In termini visivi, Anna Maria Maiolino disegna una mappa della sua condizione nomade in un'opera emblematica dal titolo Capitolo I (1971), che fa parte della serie Mapas mentais. Concepita come un campo di linee ortogonali, che formano una griglia di confini e luoghi fissi, l'opera fa riferimento a fatti della sua vita: la sua nascita in Italia nel 1942, la sua infanzia simboleggiata da Bá Carmela e suo nonno, le nascite del suo matrimonio (Rubens) (Micael e Verônica), l'arte, sentimenti diversi (angoscia, solitudine, amicizia, domande, tristezza, amore, gioia, inquietudine).
Se i termini “guerra” e “fame” possono essere visti come una presa di posizione politica, non si può dimenticare che l’opera è profondamente autobiografica e che la linea di lettura principale è costituita dalla ricostruzione del suo viaggio da immigrato: Italia, 1954, viaggio, Sud America, Brasile, New York, tropici, ritorno, Brasile, 1960. Spetta allo spettatore spostare i pezzi sulla scacchiera creata dall'artista e stabilire un collegamento tra l'anno 1954 (immigrazione della famiglia Maiolino in Venezuela) e 1960 (arrivo a Rio de Janeiro).
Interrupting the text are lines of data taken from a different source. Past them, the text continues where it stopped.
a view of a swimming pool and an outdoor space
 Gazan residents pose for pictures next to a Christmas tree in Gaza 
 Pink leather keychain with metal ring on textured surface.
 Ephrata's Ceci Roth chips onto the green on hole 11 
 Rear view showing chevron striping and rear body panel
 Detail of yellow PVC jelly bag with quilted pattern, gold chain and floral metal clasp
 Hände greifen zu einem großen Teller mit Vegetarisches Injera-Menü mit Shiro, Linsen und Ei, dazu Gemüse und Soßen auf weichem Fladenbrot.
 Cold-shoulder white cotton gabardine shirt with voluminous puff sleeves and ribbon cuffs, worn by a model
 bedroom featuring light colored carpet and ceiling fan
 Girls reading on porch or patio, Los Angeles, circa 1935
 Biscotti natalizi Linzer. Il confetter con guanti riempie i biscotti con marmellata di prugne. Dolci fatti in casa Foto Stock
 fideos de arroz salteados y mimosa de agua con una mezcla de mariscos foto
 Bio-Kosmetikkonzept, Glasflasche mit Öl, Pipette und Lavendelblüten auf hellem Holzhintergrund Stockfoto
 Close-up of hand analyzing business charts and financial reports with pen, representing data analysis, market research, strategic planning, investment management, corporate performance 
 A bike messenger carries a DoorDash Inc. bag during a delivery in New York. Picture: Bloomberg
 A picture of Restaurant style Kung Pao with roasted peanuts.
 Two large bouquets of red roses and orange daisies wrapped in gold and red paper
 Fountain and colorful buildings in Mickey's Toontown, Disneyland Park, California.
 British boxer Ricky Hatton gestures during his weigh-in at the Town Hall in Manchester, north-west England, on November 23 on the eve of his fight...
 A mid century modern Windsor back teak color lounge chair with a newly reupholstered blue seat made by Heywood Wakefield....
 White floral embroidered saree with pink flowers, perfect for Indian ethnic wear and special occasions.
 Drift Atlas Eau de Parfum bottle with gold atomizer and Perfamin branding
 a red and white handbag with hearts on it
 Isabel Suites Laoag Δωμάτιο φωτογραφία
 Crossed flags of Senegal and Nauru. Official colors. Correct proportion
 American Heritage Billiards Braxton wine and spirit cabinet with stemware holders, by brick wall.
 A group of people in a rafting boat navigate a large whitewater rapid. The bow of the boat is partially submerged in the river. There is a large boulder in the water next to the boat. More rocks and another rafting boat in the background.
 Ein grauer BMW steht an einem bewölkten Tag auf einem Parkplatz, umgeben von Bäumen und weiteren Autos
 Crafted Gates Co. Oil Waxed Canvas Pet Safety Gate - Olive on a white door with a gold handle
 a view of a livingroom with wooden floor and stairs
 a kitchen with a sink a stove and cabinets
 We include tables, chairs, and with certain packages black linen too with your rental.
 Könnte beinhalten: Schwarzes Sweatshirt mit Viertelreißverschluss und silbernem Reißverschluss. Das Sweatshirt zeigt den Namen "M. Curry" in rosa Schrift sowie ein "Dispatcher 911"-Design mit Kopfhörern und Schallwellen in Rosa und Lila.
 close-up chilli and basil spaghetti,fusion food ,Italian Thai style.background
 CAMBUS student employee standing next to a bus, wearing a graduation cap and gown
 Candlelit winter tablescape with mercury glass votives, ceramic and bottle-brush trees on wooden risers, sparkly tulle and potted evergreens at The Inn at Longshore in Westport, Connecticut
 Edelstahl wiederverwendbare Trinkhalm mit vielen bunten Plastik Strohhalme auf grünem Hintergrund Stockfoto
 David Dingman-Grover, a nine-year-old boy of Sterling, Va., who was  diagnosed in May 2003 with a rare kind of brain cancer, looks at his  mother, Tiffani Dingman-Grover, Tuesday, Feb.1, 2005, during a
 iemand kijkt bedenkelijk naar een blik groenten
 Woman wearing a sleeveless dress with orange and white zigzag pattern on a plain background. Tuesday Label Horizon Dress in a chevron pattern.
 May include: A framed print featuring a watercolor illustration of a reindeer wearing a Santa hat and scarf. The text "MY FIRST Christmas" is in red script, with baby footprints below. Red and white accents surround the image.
In una lettera alla psicoanalista Tania Rivera, datata 8 febbraio 2021, Maiolino descrive come concepirebbe un nuovo capitolo della Mapas mentais, per superare la questione degli immigrati e inglobare tutta l’umanità in un disegno meno escludente. La nuova mappa sarebbe “un campo bianco immaginario, infinitamente espanso, infinito come l’universo. Da nord a sud, da est a ovest, disegnati senza suddivisioni, senza griglie, senza confini. Verrebbe stampato un grande ricordo comunitario delle emozioni, insieme alla poesia, oltre al pensiero dei filosofi per illuminare un po’ questi tempi bui”. È alla poesia che l'artista si rivolge per dettagliare quali emozioni vorrebbe condividere con gli altri: il primo libro in Divina Commedia (1265-1321), di Dante Alighieri; Il custode del gregge (1925), di Alberto Caieiro; le poesie Gli uomini vuoti (1925), di TS Elliot, e Io donna (2017), di Conceição Evaristo; Testi di canzoni di musica popolare brasiliana.
Un'altra “mappa mentale”, datata 1976 e intitolata Capitolo II, affronta la questione delle donne in modo ancora più radicale. Progettato nello stesso modo dell'opera del 1971, Capitolo II rappresenta su una tavola diversi momenti e sentimenti di Anna Maria come donna, tutti ambientati negli anni '1970 (1971, 1976, 1974, 1973, 1972, 1975). Il Brasile come punto d'incontro e di partenza, le città di San Paolo e Rio de Janeiro, l'amore, l'arte, i bambini sono parte di una trama più ampia che coinvolge povertà, dittatura, disperazione, paura, amicizia, rifugio, certezza, separazione, domande, novità inizi, malattia, vita, morte, destino, solitudine, dolore, vuoto, repressione, ansia, panico e poesia.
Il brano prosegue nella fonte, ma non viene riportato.